The younger brother realized his error, humbled himself, and came to his father as a servant. Adopting an attitude as a servant is certainly no strange concept to the Christian faith. Christ himself humbled himself by becoming human to live and die among us. And we are even encouraged to imitate Him in this humility. (read Philippians Chapter 2 for this!)

The older brother in this story is often overlooked, unfortunately. Even though he lived in his father's house and had everything he needed, he still couldn't rejoice when his brother was restored to the family. All he saw was his brother's sin, not the fact that he had returned. "...he was angry and refused to go in. His father came out and entreated him, but he answered his father, ‘Look, these many years I have served you, and I never disobeyed your command, yet you never gave me a young goat, that I might celebrate with my friends. But when this son of yours came, who has devoured your property with prostitutes, you killed the fattened calf for him!’" (Luke 15:28-30 ESV)

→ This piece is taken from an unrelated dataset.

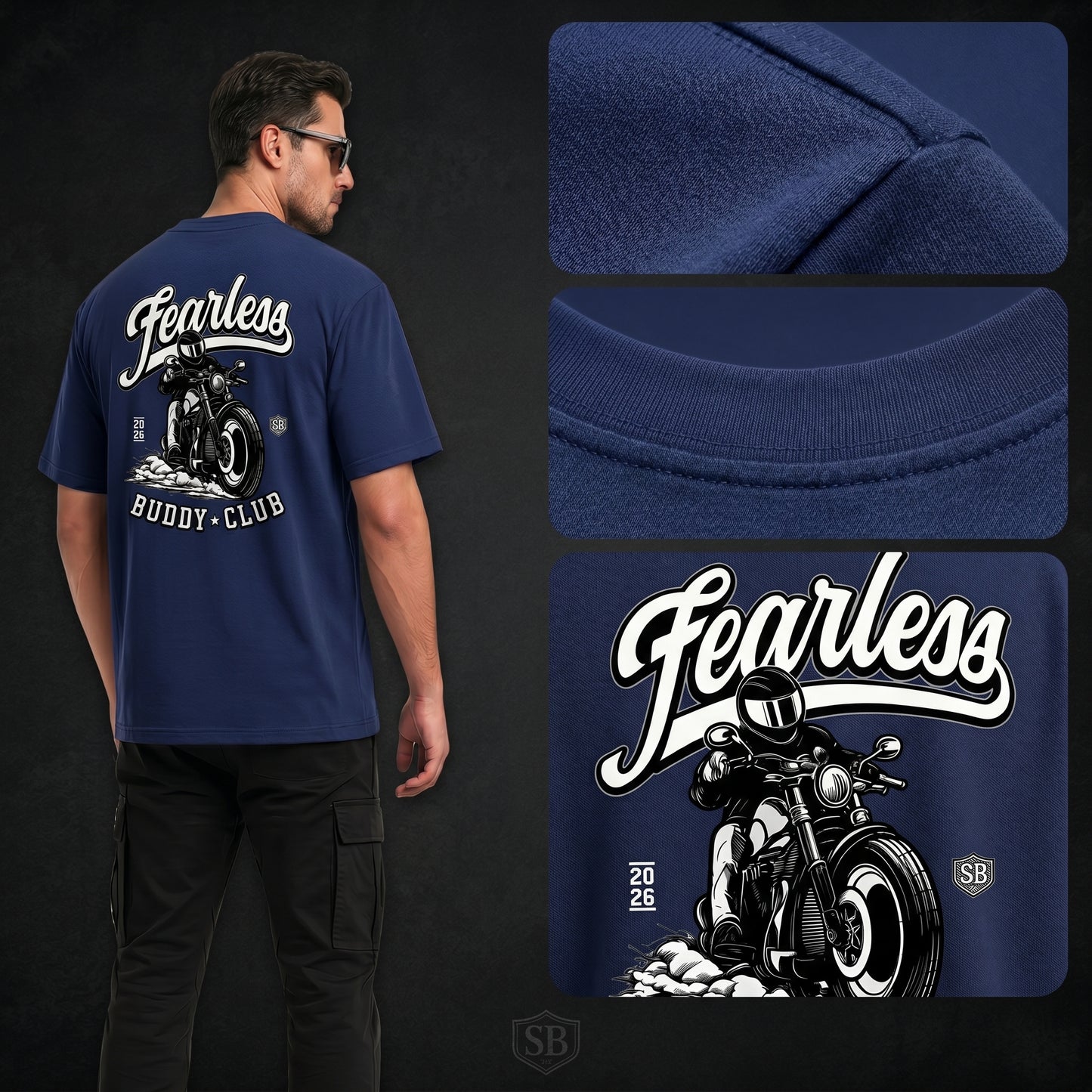 STASHBUDDY Fearless Buddy Club Graphic T-Shirt for Men & Women | Premium Cotton Printed T-Shirt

Up until this past century it was an extremely attractive thing to be a squeaky clean Christian. In other words, people looked up to you and considered you better than others if you went to church, knew scripture, abstained from drinking, sex, cursing etc. In the 21st century we find ourselves in a world where the exact opposite is true. Public views of the church are increasingly more and more negative, and the world criticizes and ridicules Christians who isolate themselves in the confines of the church using words like "legalistic" and "judgmental". This is where the "Christian hipster" music finds its roots. It is a fact that people like to be accepted and their actions approved. By criticizing the body of believers and setting out to associate with those who need help - being something of a prodigal Christian - we find that the world accepts us more and what we do. At what cost though? This facade of humility, acting like the prodigal son while we are nothing more than an older brother, is ripping at the foundation of our faith! What is that foundation? LOVE. Pure, unadultered, selfless, genuine LOVE - straight from the heart of our heavenly Father and intended to be shared with the world out of the overflow of our hearts.

Please don't misunderstand, I am glad that people recognize the flaws in legalism and judgment in the church. I am glad that young people are desiring to pour into the lowly, the poor and 'sinners' as Pharisees would call it. At least needs are being met!

The challenge is that we must remember who we were, and who we are. We are all unworthy of the Father's mercy. We are ALL called to LOVE those around us, and we are most importantly called to die to self. As it says in Galatians 2:20 "I have been crucified with Christ. It is no longer I who live, but Christ who lives in me. And the life I now live in the flesh I live by faith in the Son of God, who loved me and gave himself for me."


So who are you?
Do you have the heart of a younger brother, humbly returning to your Father?
Or do you have the heart of the older brother, unable to rejoice in other's joy because your eyes are turned inward?
Are you trying to look like a Prodigal? Or have you found yourself at the place of actually being a Prodigal?
Do we love because He first loved us?

Signing out,
The Buckland Fiddler

2 comments:

  1. Amen, brother Bowman! :D

    ~Hailey

    P.S. I'm following your blog now!